HW #2 - Authorship Attribution with Support Vector Machines

As per our lecture materials on authorship detection, you will be creating machine learning features to be used with a standard machine learner to try to guess the identity of the author. We will be using articles from Canadian newspapers to try to compute attribution.

Details

You are to come up with as many features as you can think of for computing the authorship of the files. "Classic" text categorization usually work to compute the subject category of the work. Here, because many of the book reviewers examine similar subjects and write reviews for a wide range of books, standard techniques will not fare as well. You should use features that you come up with, as well any additional features you can think of. You can code any feature you like, but you will be limited to 30 real-valued features in total. You do not have to use all 30 features if you do not wish to.

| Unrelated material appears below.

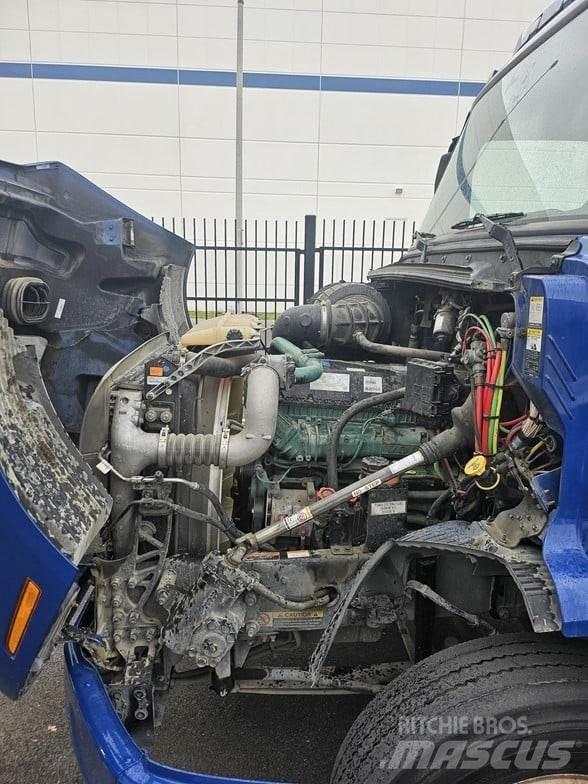 Volvo VNR64T300 Tractores (camiões)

In the workbin, you will find a training file containing newspaper articles from Canada. It is organized as 1 review per line, and thus are very long lines. Each line gives the text of the article followed by a tab (\t) and then the author ID (either +1 or -1). There are 100 examples per author in the training section.

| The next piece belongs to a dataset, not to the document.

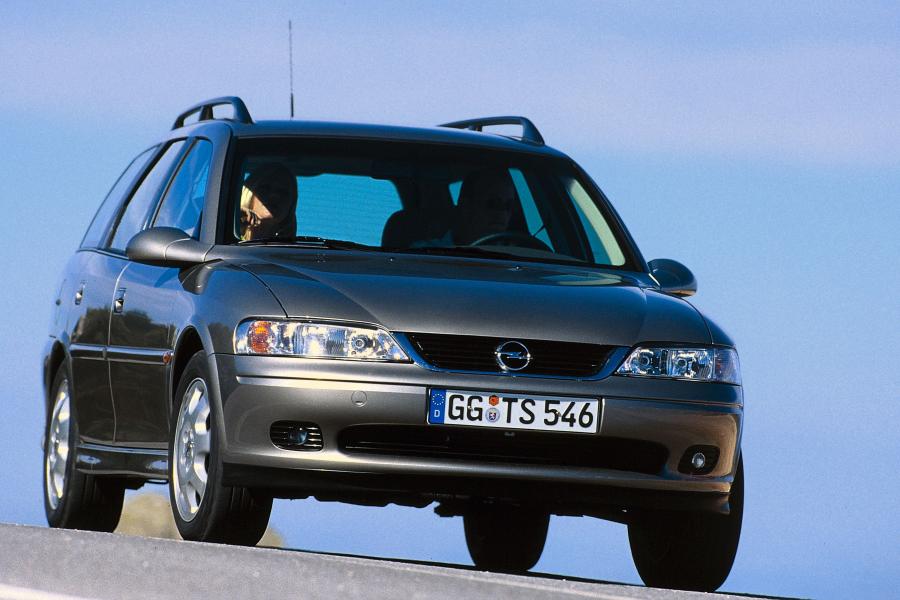  Opel Vectra Caravan (B) 1999 года  (фото 32 из 33)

In the test.txt file you will find a list of reviews, again, one per line, but without the author ID given.

We are going to use the SVM light package authored by Thorsten Joachims as the machine learning framework. You should familiarize yourself with how to apply SVM to your dataset. SVM has a very simple format for vectors used to train and test its hypothesis. I should have demonstrated this during class. Be aware that training an SVM can be quite time-intensive, even on a small training set.

What to turn in

You will upload an X.zip (where X is your matric ID) file by the due date, consisting of the following three files.

A summary file in plain text, giving your matric number and email address(as the only form of ID), containing the percentage precision and recall for the training file, under leave-one-out validation (option "-x 1" for svm_learn, see the References section for a pointer for explanation). You should inventory the features used in your assignment submission and briefly explain (1 sentence to 1 paragraph) explain the feature, if non-obvious. (filename: X.sum, where X is your matric ID). You can also include any notes about the development of your submission if you'd like.
Your training file (X.train), consisting of the author ID a space and followed by the features for each review. This should be in a format that can be passed directly to the machine learner for training. Remember, you may only use up to a maximum of 30 features.
Your testing file (X.test), consisting of the same features as above, but without the class labels (as you don't know them).

Please use a ZIP (not RAR or TAR) utility to construct your submission. Do not include a directory in the submission to extract to (e.g., unzipping X.zip should give files X.sum, not X/X.sum or submission/X.sum). Please use all capital letters when writing your matric number (matric numbers should start with U, NT, HT or HD for all students in this class). Your cooperation with the submission format will allow me to grade the assignment in a timely manner.

Grading scheme

Your grade will be 75% determined by performance as judged by accuracy, and 25% determined by the summary file you turn in and the smoothness of the evaluation of your submission. For example, if your files cause problems with the machine learner (incorrect format, etc.) this will result in penalties within in that 25%.

The performance grade will be determined by both your training set performance (known to you beforehand) and by the testing performance (which only I will know). For both halves, the grade given will be largely determined by how your system performs against your peer systems. I will also have a reference, baseline system to compare your systems against, this will constitute the remaining portion of the grade.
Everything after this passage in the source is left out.